Windows Server 2012 and later offer a data deduplication feature: The data deduplication segments files with fractionally equal content into so-called "chunks" which are moved into the subfolder "System Volume Informaton\Dedup\ChunkStore\" located on the corresponding NTFS partition. After the deduplication has been applied by Windows, the original data is replaced by a pointer to the corresponding chunk in the ChunkStore directory. After they have been deduplicated by the NTFS deduplication two identical files will only require half of the disk space they occupied before. Since the original files now only contain a small pointer instead of the data, the allocated disk space will be indicated by Windows with a much smaller value than before (for two identical files the occupied disk space would be indicated as "0 Byte"). To make TreeSize show the original file and folder sizes, simply switch the view mode from "Allocated Space" to "Size". The "Allocated Space" shown in TreeSize is the disk space you would obtain by deleting the corresponding file.

Offline Files

Windows Server and some 3rd party tools and appliances offer a feature called "offline files": Files that have not been used for a long time will be automatically moved to cheaper and slower storage, and a small stub file remains at its original location. Usually TreeSize reports the allocated space of such a stub file correctly, which is often only the size of one file system cluster.

There is however one situation in which the allocated space for stub files may not be reported correctly.

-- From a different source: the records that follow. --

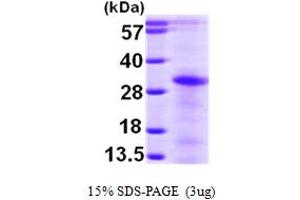 SDS-PAGE (SDS) image for Linker For Activation of T Cells Family, Member 2 (LAT2) (AA 27-243) protein (His tag) (ABIN666998) (LAT2 Protein (AA 27-243) (His tag))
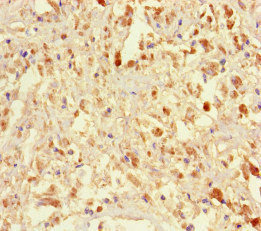 Immunohistochemistry (Formalin/PFA-fixed paraffin-embedded sections) - Anti-IFT46 antibody (AB223036), expandable thumbnail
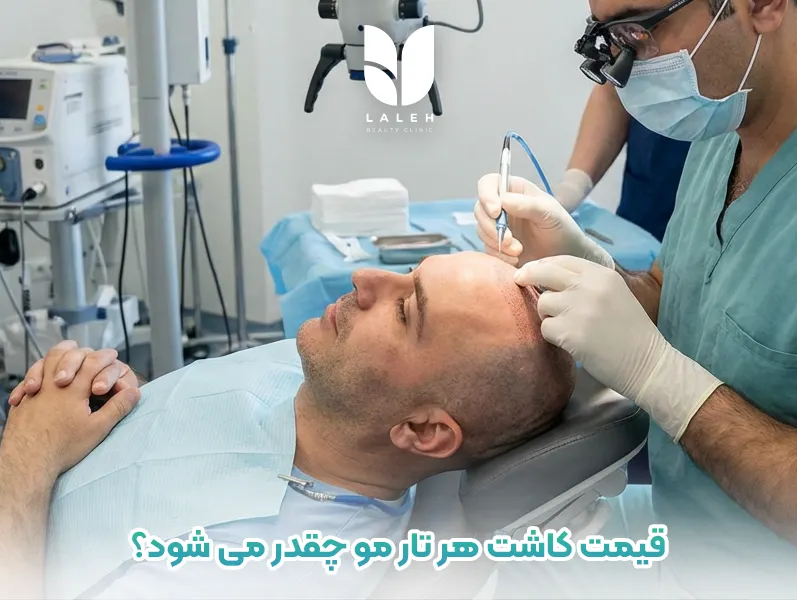 قیمت کاشت هر تار مو چقدر می شود؟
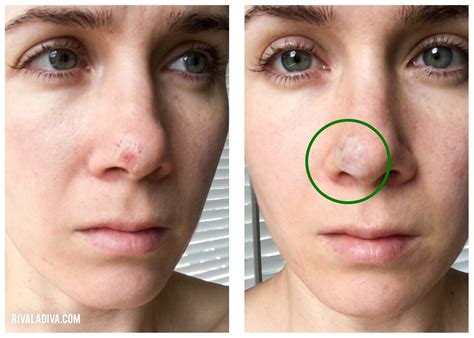 Skin Grafts For Cancer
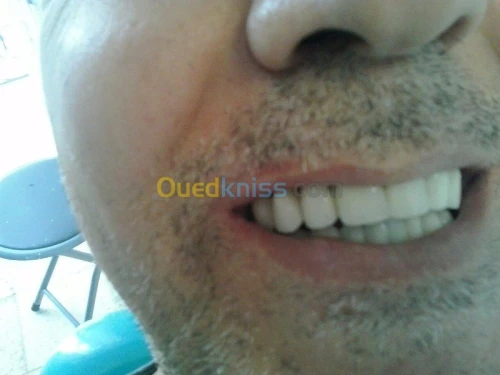  chirurgie dentaire
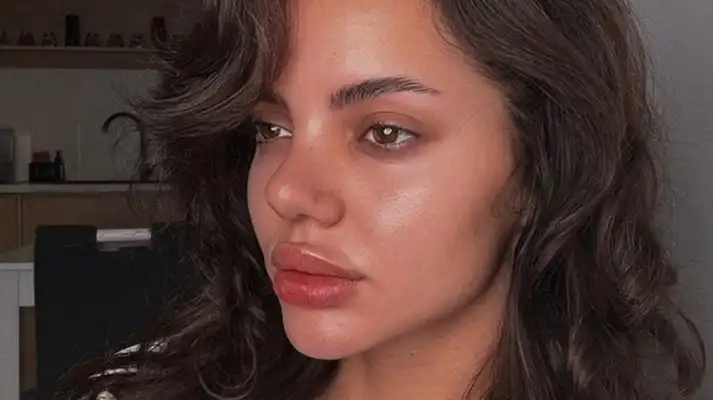 Ергенката Валерия Дакова показа новия си нос 14 дни след операцията Снимки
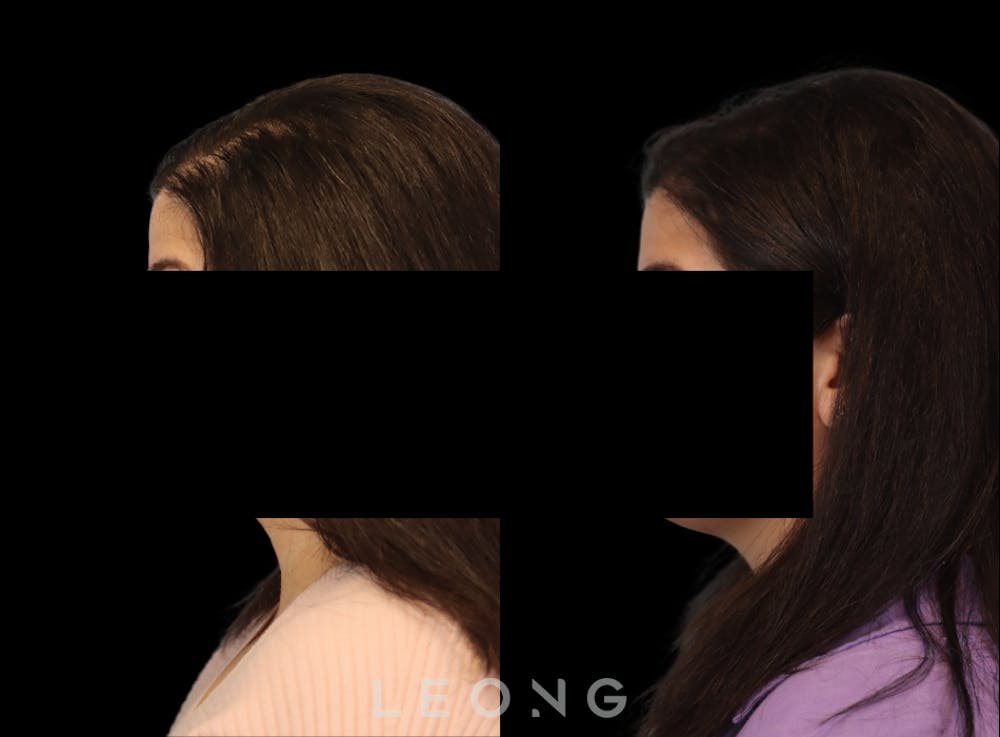 Hair Transplant Before & After Gallery - Patient 179305 - Image 5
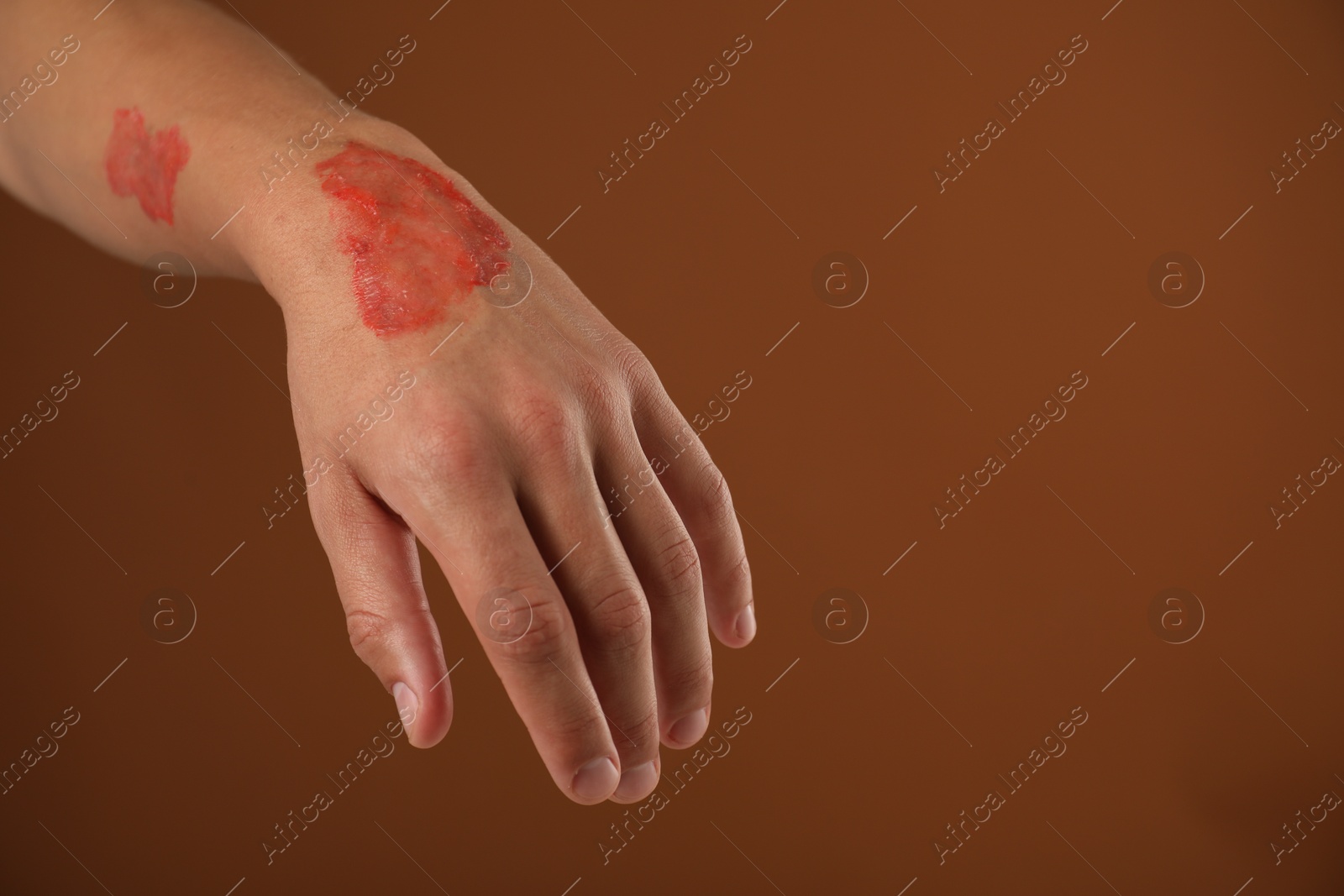 Man with burned hand on brown background, closeup. Space for text Photo of Man with burned hand on brown background, closeup. Space for text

In case TreeSize runs into Access Denied errors, it uses Windows API functions intended for backup software in order to be able to scan also those parts of the file system and provide values for their size and allocated space. We have seen some appliances which reported the full file size as allocated space in this case for the stub files, most likely because this would be the size occupied in a backup. To avoid this, ensure that the user which runs the scans has full read access to the scanned file system.